VBAC Webinar – 14 June

Join us for this discussion on the topic of Vaginal Birth After Caesarean.


The Royal Australian and New Zealand College of Obstetricians and Gynaecologists

12 January 2024

Many women will need to decide on the mode of birth for subsequent pregnancies after a caesarean section. Each option – either labour with a view to safe vaginal birth, or planned Caesarean section – has both potential risks and benefits. Each individual woman’s preferences and risk profiles will be different. Involvement of the woman and her family in this decision making is strongly supported. Those who provide maternity care – doctors and midwives – need to provide women and their partners with accurate and relevant information.

Join us for this discussion on the topic of Vaginal Birth After Caesarean (VBAC).

Date: Tuesday 14 June

Time:  5-6pm (AEST)

Register here and submit your question for the experts.

The webinar link will be sent as part of your registration.


Dr Anthea Lindquist

Obstetrician and Perinatal Epidemiologist, The University of Melbourne

A RANZCOG Fellow, in 2009 Anthea paused her clinical training in obstetrics and gynaecology to move to the UK to undertake a PhD in Perinatal Epidemiology at the University of Oxford as a Rhodes Scholar. She returned to Melbourne in 2012 to continue specialist training and completed her PhD in perinatal epidemiology concurrently, ultimately submitting her thesis in 2013. She finished specialist training in 2017 and has since held dual appointments as consultant Obstetrician at the Mercy Hospital for Women and Senior Lecturer (perinatal epidemiologist) at the University of Melbourne.

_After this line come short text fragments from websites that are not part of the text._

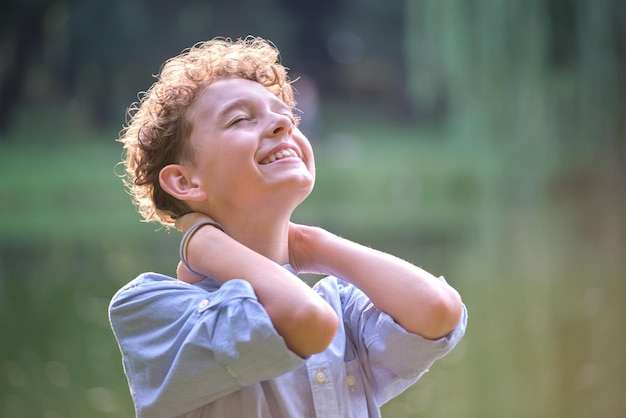 Ragazzo bambino felice che si rilassa nel parco estivo Bambino positivo che si gode l'estate all'aperto Concetto di benessere del bambino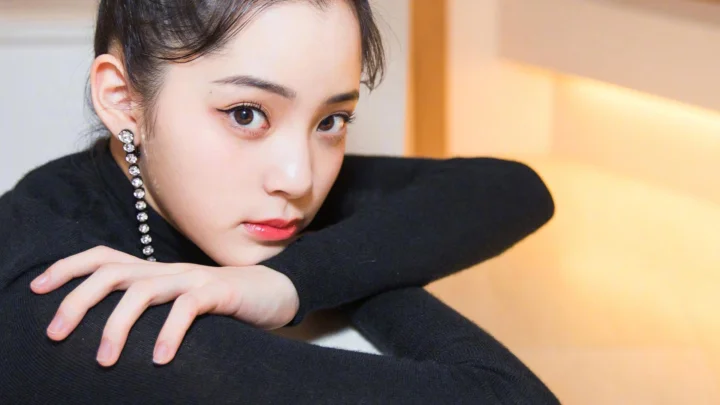 一位身穿黑色毛衣的成年女性靠着手臂面向镜头，背景带有温暖的室内光线。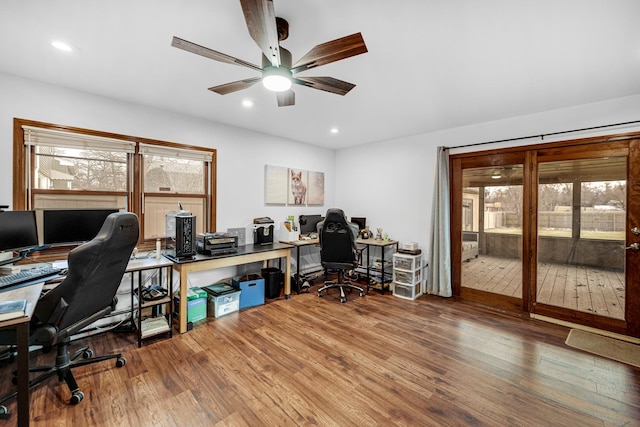 home office with hardwood / wood-style floors and ceiling fan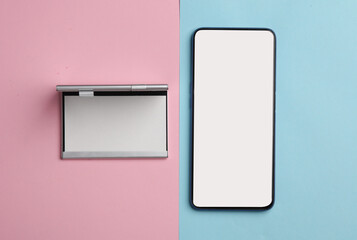 Metal box business card holder with smartphone on pink blue background. Top view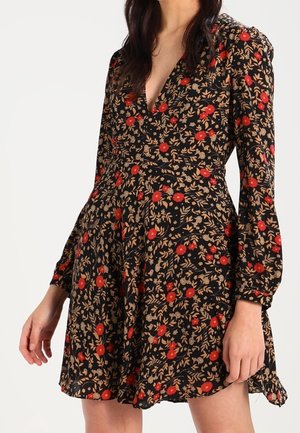 Schwarzes Blumenkleid mit roten Blumen und beigen Blättern, V-Ausschnitt, langen Ärmeln und einem ausgestellten Rock. Weicher Stoff mit einer leichten Textur.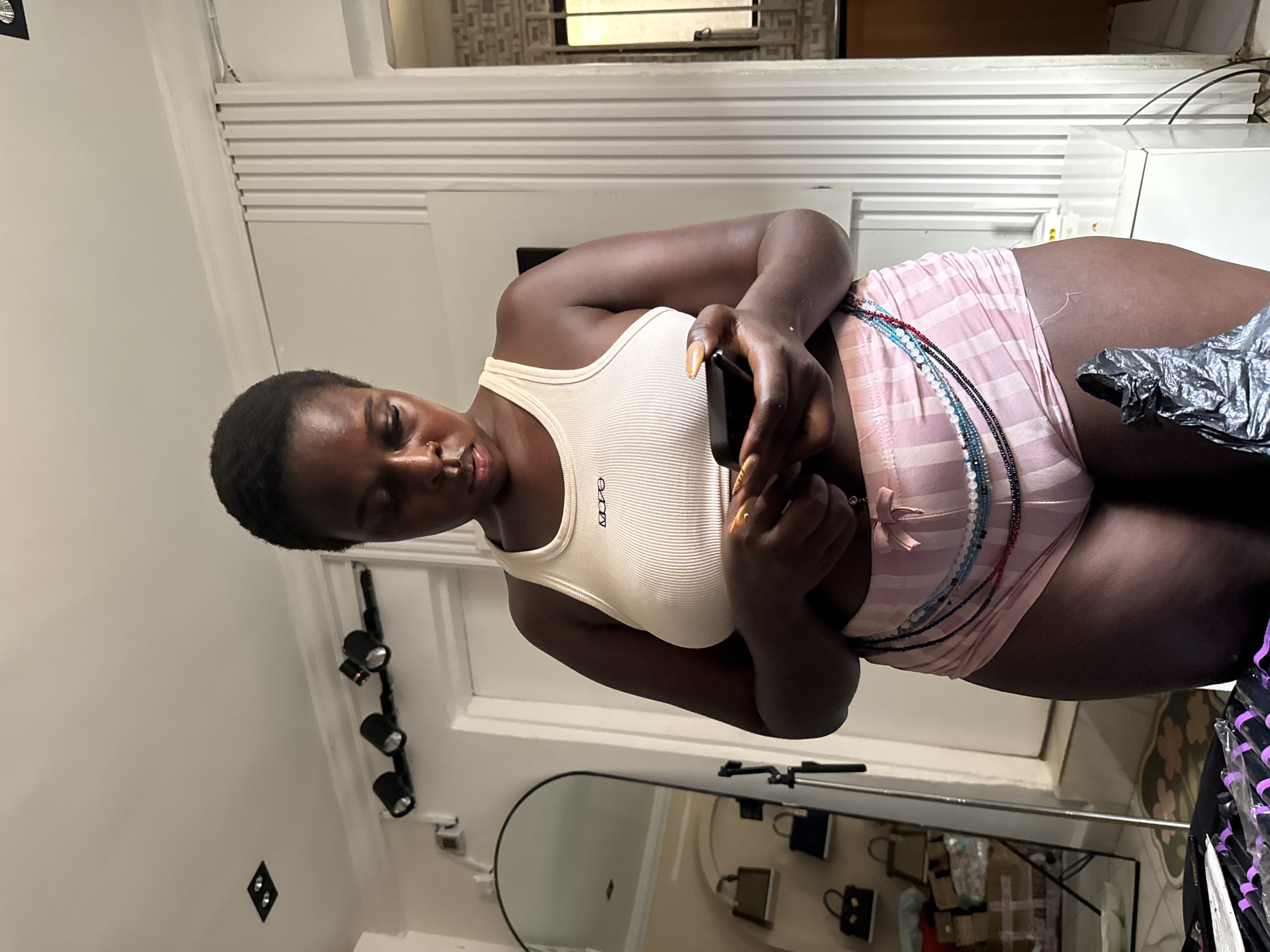 A dark-skinned woman with short hair is standing and looking down at her phone. She is wearing a white ribbed tank top and pink striped shorts. Around her waist, she has a beaded necklace. The woman is indoors, in what appears to be a room with a mirror on the left side of the frame. The background includes a door, a wall with vertical slats, and a window with a patterned grate. There are also some bags visible on shelves in the mirror's reflection. The lighting suggests it is daytime. The location is identified as Abuja, Nigeria.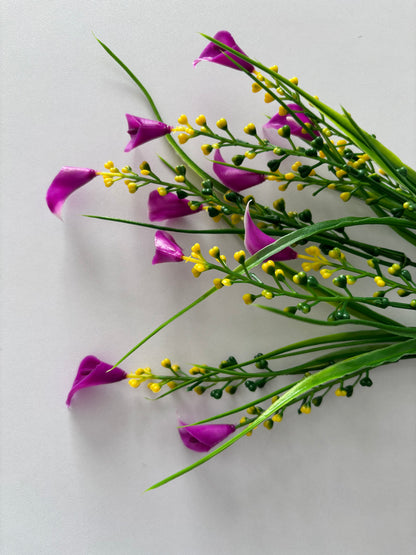 Angled upright shot of an artificial pink small calla lily foliage bunch from a slightly overhead perspective showing the full bunch spread with small bright magenta pink calla lily flower heads dotted throughout dense clusters of bright yellow berry pick stems and tall thin green grass stems all fanning out from a single bottom stem against a plain light grey background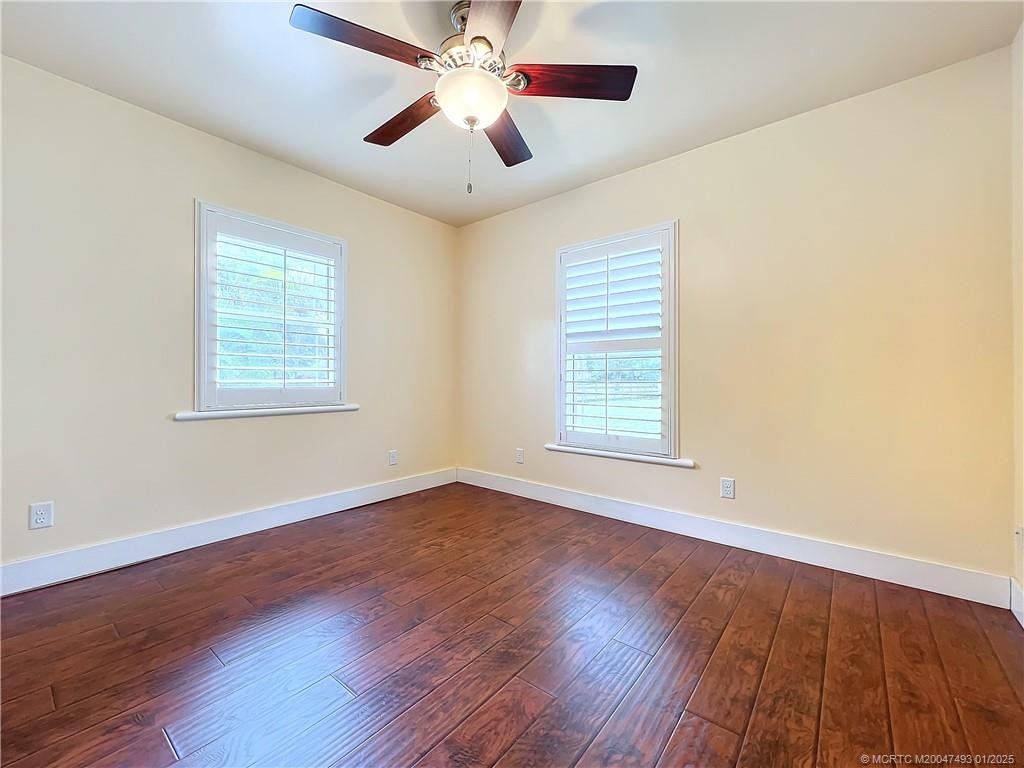 2 windows and plantation shutters. Fan with a light, closet across the wall.
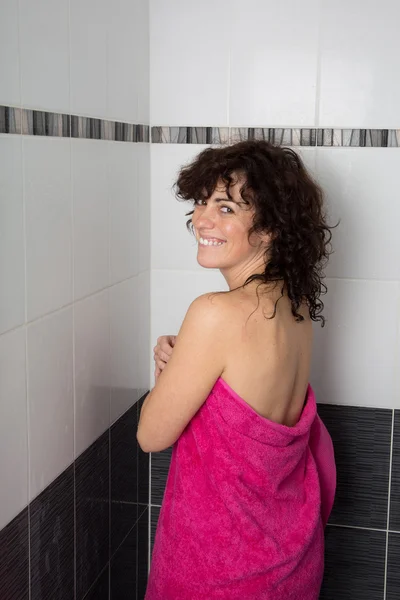 Back view of a woman body entering in the shower with a pink towel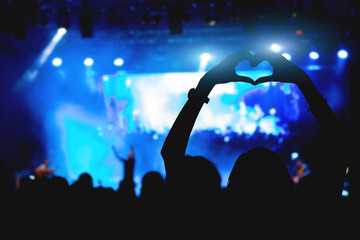 Girl with heart-shape symbol enjoying her favorite group on the concert.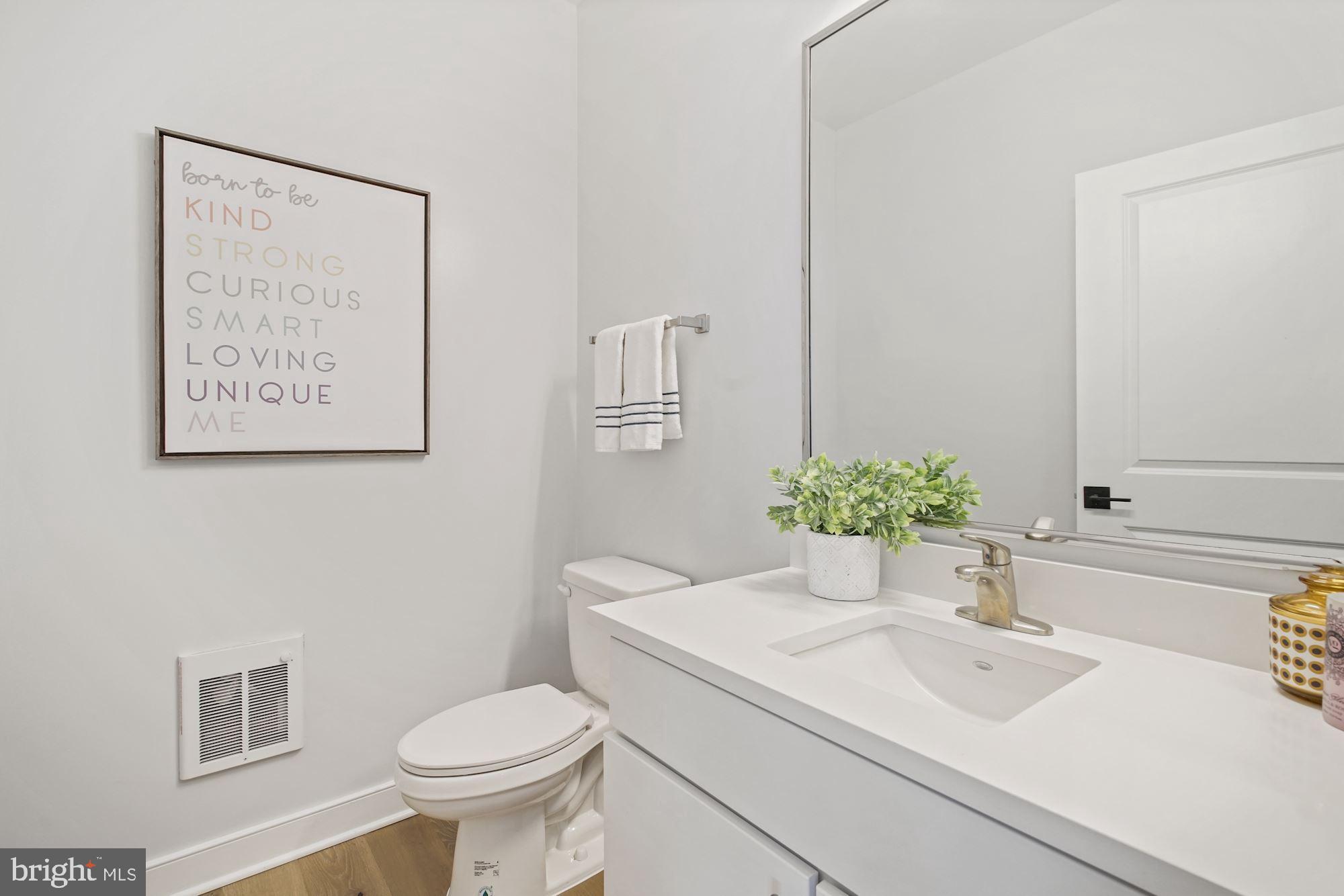 1021 Spring Road Northwest, Unit 1 Washington, DC 20010 - Photo 6 of 27 a bathroom with a sink toilet and a mirror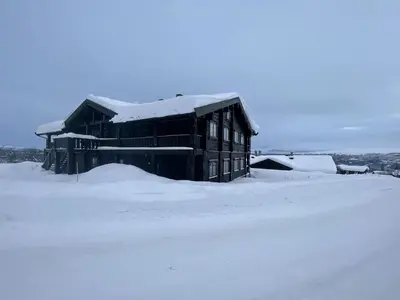 a building covered in snow in a field at Family-Friendly 2-Bedroom With Terrace And Sauna in Beitostøl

She recently co-authored Vaginal birth after caesarean increases the risk of serious perineal tear by 20%, our large-scale review shows, published in The Conversation on 28 January 2022, following it being published in BJOG.

Amy Dawes

CEO and Co-Founder, the Australasian Birth Trauma Association

Amy is the CEO and Co-Founder of the Australasian Birth Trauma Association (ABTA), a not-for-profit organisation focused on the recognition and understanding of birth-related trauma. With a multi-disciplinary advisory group of midwives, physiotherapists, obstetricians, gynaecologists, mental health clinicians and clinical researchers, she is working to develop resources and strategies to prevent and effectively manage birth-related trauma. Her vision is for safer births, better healing. 

Amy is a member of RANZCOG’s Informed Birth Working Group.

Dr Rachael McConnell

Obstetrician and Gynaecologist, Dunedin Hospital

An elected Member of Te Kāhui Oranga ō Nuku, Rachael works as an Obstetrician and Gynaecologist at Dunedin Hospital.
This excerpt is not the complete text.